We have extensive experience with this issue, and have found this level of variability to be quite normal when comparing between different strains of fish or across biological repeats. In our work, the average numbers of β cells observed within the principal islet can differ as much as 3-5 cells across strains or per repeat. For this reason, every experiment is properly (internally) controlled and standardized to a DMSO control.

6) The NF-κB reporter: In Figure 4, the authors show a dual color confocal of an NFκB/Notch reporter line, but yet oddly do not show the effect when they add in their hit compounds. While it is interesting that there are a few cells that co-label, this figure does not help us understand how these compounds may be affecting this signaling pathway in the fish.

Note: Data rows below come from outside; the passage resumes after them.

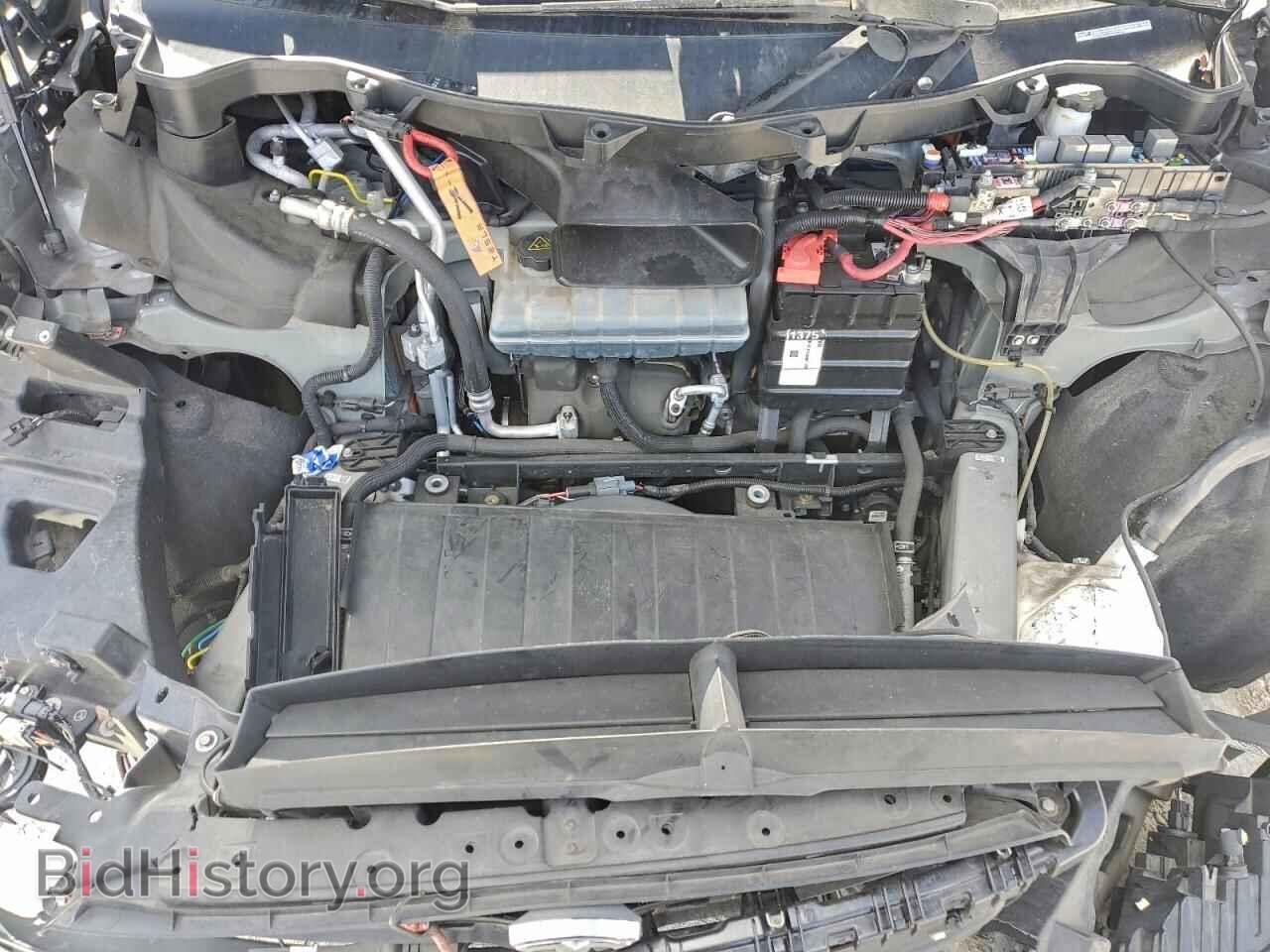 2017 TESLA MODEL X - VIN: 5YJXCBE23HF030912 - Photo 12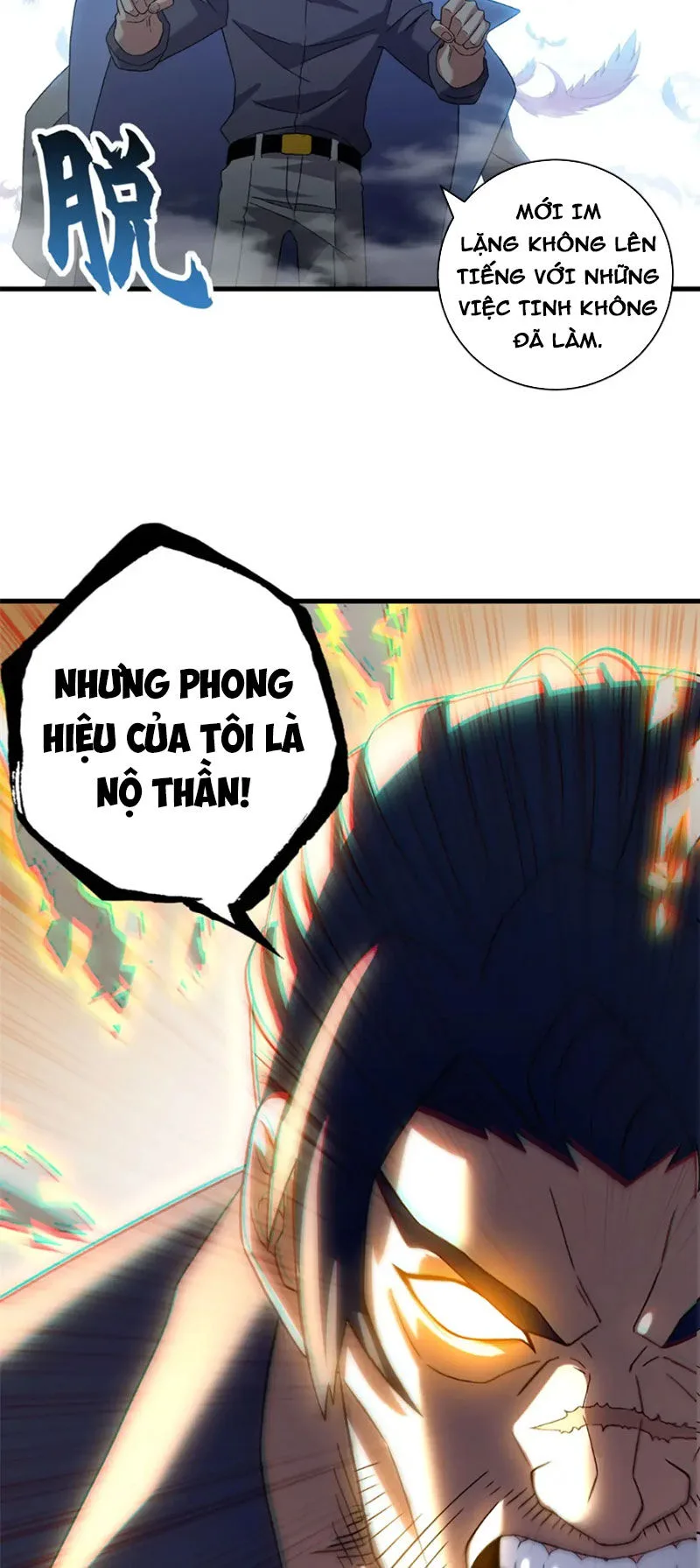 Ma Thú Siêu Thần chương 102 - trang 28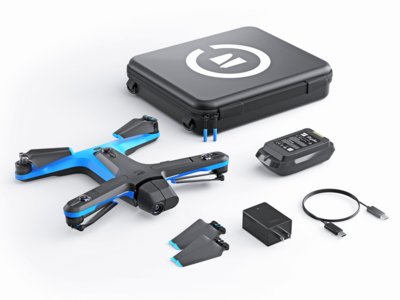 Комплект Skydio 2+ Starter Kit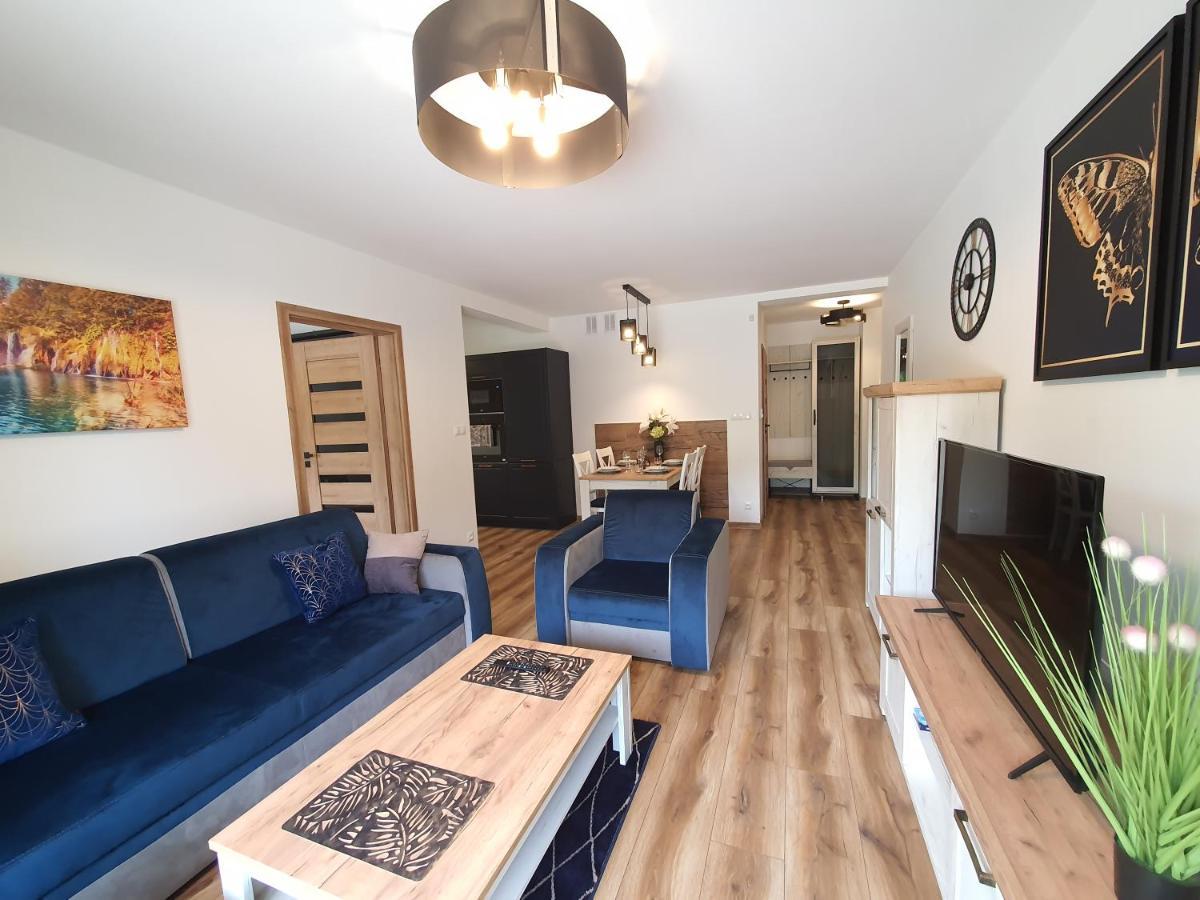 Apartamenty Ski & Fun Spokojna Wisła Exterior foto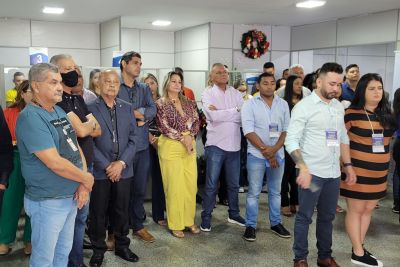 notícia: Jucepa entrega novo Espaço Cultural Público "Laércio Barbalho", em Belém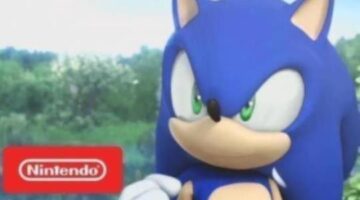 A Fan-Favorite Sonic Speeds onto Switch (World Premiere Trailer)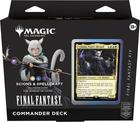 MtG: Final Fantasy Commander Deck - Scions & Spellcraft KORTTI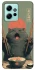 Чехол на Xiaomi Redmi Note 12 4G Hungry Cat фото 1 из 1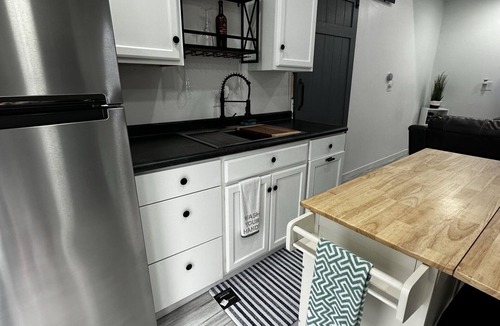 Bayou Cane Apartment | Houma Away From Home Private Studio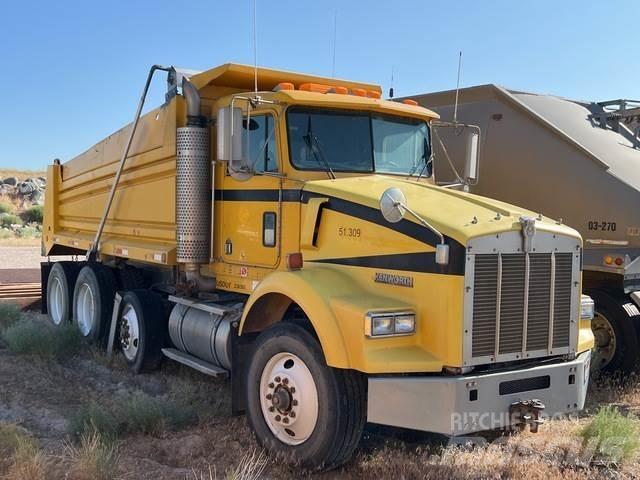 Kenworth T800 Sklápěče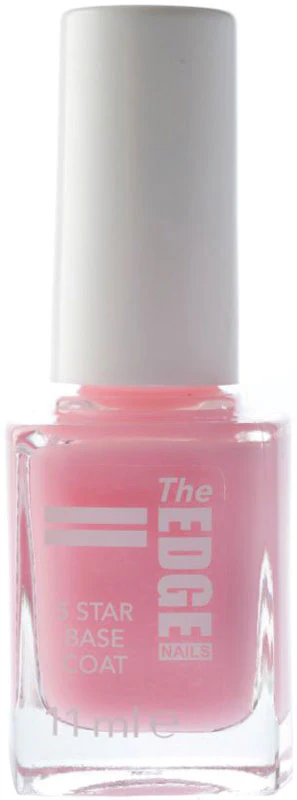 The Edge 5 Star Base Coat 11ml - Studio 3 Twenty One LLC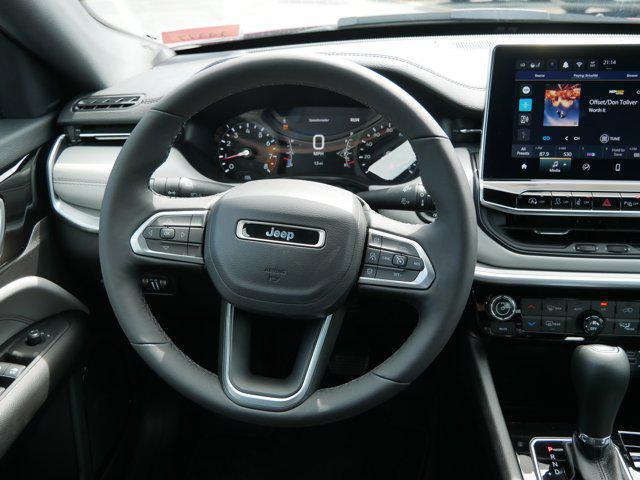 new 2025 Jeep Compass car, priced at $31,811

We have added additional data to show that all the NF-κB inhibitors used in this study dramatically reduce fluorescent readout from the NF-κB reporter (Figure 5–figure supplement 1). We feel it is important to establish which cells are undergoing active NF-κB signaling. Using two transgenic reporters, we show NF-κB signaling is in fact occurring in the progenitors (Figure 5) – this observation fits perfectly with NF-κB inhibition causing precocious endocrine differentiation in a cell-autonomous way.

Reviewer #2:

1) Although the whole organism screen is powerful for identifying compounds [that increase β-cell mass, the hits may act direct to increase β-cell mass or indirectly by impairing insulin signaling or glucose metabolism, which in turn induces increase of β-cell mass. The latter may be problematic for therapeutic purposes. The long (from 3dpf to 7dpf) drug treatment in the screening protocol makes it difficult to distinguish the 2 possibilities. This should be addressed in the validation step. For example, do the selected hits increase glucose in the fish? Assuming the new β-cells are functional, do treated animals have a larger capacity to maintain glucose homeostasis under diabetogenic conditions?

The reviewer has brought up a very salient point; namely, that any compound leading to a rise in glucose levels would be expected to cause a reciprocal increase in β-cell number. To address this potential mechanism, effects of lead compounds on glucose levels were investigated and the results included in the revised manuscript (Figure 6–figure supplement 1). Only one of the lead compounds, amcinonide, increased glucose levels. This is to be expected for a glucocorticoid. No other characterized lead compound had significant effects on glucose. We thank the reviewer for this suggestion and feel that the new data add significantly to this work.

2) The conclusions on β-cell replication are based on prolonged EdU labeling. The labeling protocol cannot distinguish whether EdU is incorporated prior to or after β-cell differentiation. This is especially the case for the adult studies where a two-week labeling period was used.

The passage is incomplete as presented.